AT MELBOURNE, when it rains, it pours.
The Dees – and injury replacement player Sarah Perkins – overcome one of the longest and most severe injury lists in the AFLW's short history to qualify for the team's first finals appearance.
Over the next few weeks, womens.afl will look at each of the seasons of the 14 AFLW teams, kicking off proceedings with Adelaide and moving alphabetically from there.
Coach: Mick Stinear
Leadership group: Daisy Pearce (captain), Karen Paxman (vice-captain)
2020 finishing position: Third in Conference B, four wins, two losses, 164.5%. Qualified for a preliminary final against Fremantle.

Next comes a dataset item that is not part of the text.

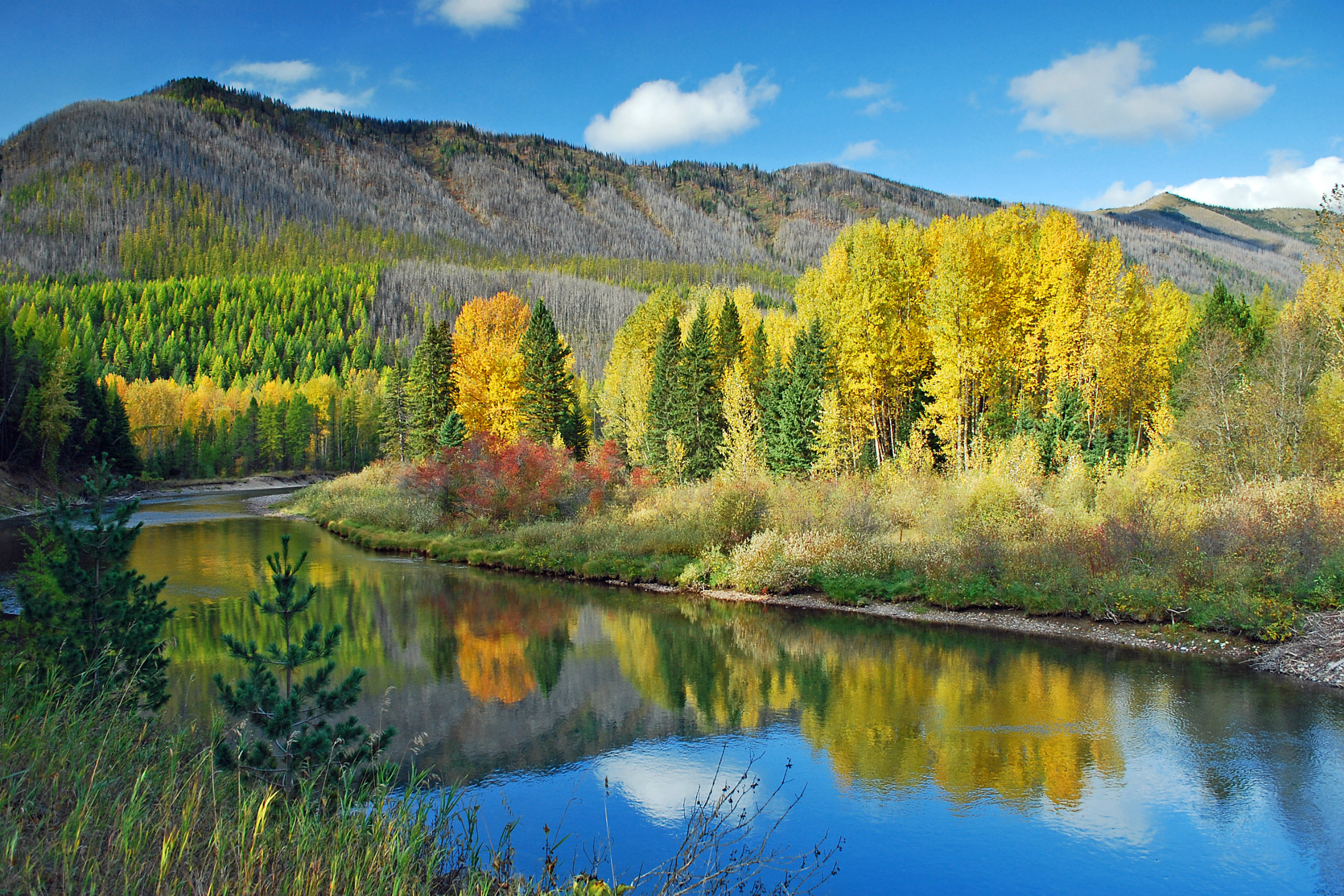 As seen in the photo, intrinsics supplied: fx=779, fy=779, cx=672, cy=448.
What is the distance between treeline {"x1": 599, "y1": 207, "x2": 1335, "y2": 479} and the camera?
3125 centimetres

Best win: Melbourne 3.4 (22) defeated North Melbourne 3.2 (20), round one.
There's a few to choose from, including one over Collingwood and the thrashing of West Coast, but for the quality of opponent, it's hard to go past this round one affair. The Dees used a howling Casey Fields wind to their advantage and overran one of the pre-season premiership favourites.
Best individual performance: She often flies under the radar, but Shelley Scott was imperious in very heavy rain against the Western Bulldogs in round two. While most struggled to handle the ball, Scott was a rock at centre half-forward, finishing with 16 disposals and six marks in a match-winning turn.
Club best and fairest candidates: Karen Paxman, Daisy Pearce, Libby Birch, Shelley Scott
NAB AFLW Rising Star nominations: Nil
Debutants: Gabby Colvin, Sinead Goldrick, Niamh McEvoy, Jackie Parry, Krstel Petrevski, Casey Sherriff, Brenna Tarrent
Most improved: A premier midfielder at under-18 level, Tyla Hanks was taken with pick No.6 by the Dees at the end of 2018. She primarily played up forward last year as she adjusted to the top level, but a strong pre-season and a move to the middle saw Hanks' influence on games rise.
Star recruit: The Demons paid handsomely for Libby Birch, but it was an investment worth making. Birch was a rock on the last line of defence, taking numerous goal-saving marks and quickly became an instrumental part of the team, particularly during Meg Downie's illness-enforced absence.
Unsung hero: Maddi Gay doesn't have the external profile of her fellow midfielders, but she's an important cog in Melbourne's engine. Also more than handy up forward, Gay averaged 13 disposals and five tackles in 2020.
- Daisy Pearce to defence. It was a surprising move from Melbourne, with most expecting the Demons skipper to slot back into the middle upon her return from pregnancy, but Pearce's elite reading of the play, her composure and experience was vital in defence.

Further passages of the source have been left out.